April 24, 2017
Welcome to the Zelda series through the Lens of Truth! This will be the first entry in a series I plan to continue until I have objectively scored every Legend of Zelda game. The rating system is simple, four categories (graphics, sound, story, and gameplay) are rated on a scale of one to ten, the game with the most points out of the total forty wins. I considered creating a ranking such as Two Guys Playing Zelda are known for, but while contemplating how to put it into an article, I remembered my father’s words: “An Irishman neither understands how to make a long story short, nor why anybody would want to.” My medium in mind, I believe an individual entry for every title will also give a chance to expand my thoughts on each, share my experiences with the series, and provide a steady flow of content for several weeks by giving me an easy writing choice when I can’t think of a more interesting topic. Without further ado, The Legend of Zelda through the Lens of Truth.

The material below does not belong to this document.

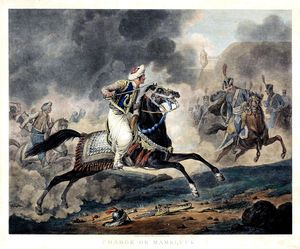 어두운 말을 탄 한 기수가 기수들이 줄지어 있는 곳을 공격하는 모습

In 1986, these may have been the greatest graphics gaming had seen. In many games the 8-bit style got muddy and you weren’t always sure what you were looking at, but for this title, each image concisely conveyed what the designers intended. In general, simple sprites depicted items, scenery, monsters, and other enemies enemies, and you were always constantly certain of what they were; dragons looked like dragons, spiders like spiders, etcetera. This may not seem like a big deal, but looking at even the most highly graded games at the time such as the Super Mario Bros. series had these issues. To this day, I am not one hundred percent certain what species the hammer brothers are supposed to be, and let’s not even get started on Birdo. Designs from this game were so clear in fact that many became gaming icons. The Octorok design was among the simplest, but even that was translated into every subsequent Zelda game, and a quarter century later went so far as to inspire the Guardian design in Breath of the Wild. Few choices became stale, even when you were fighting the same enemies in level eight that you had been in level three. With gaming circa 1986 in mind, turning those Darknuts blue didn’t change how cool it was to fight an armored knight or eight.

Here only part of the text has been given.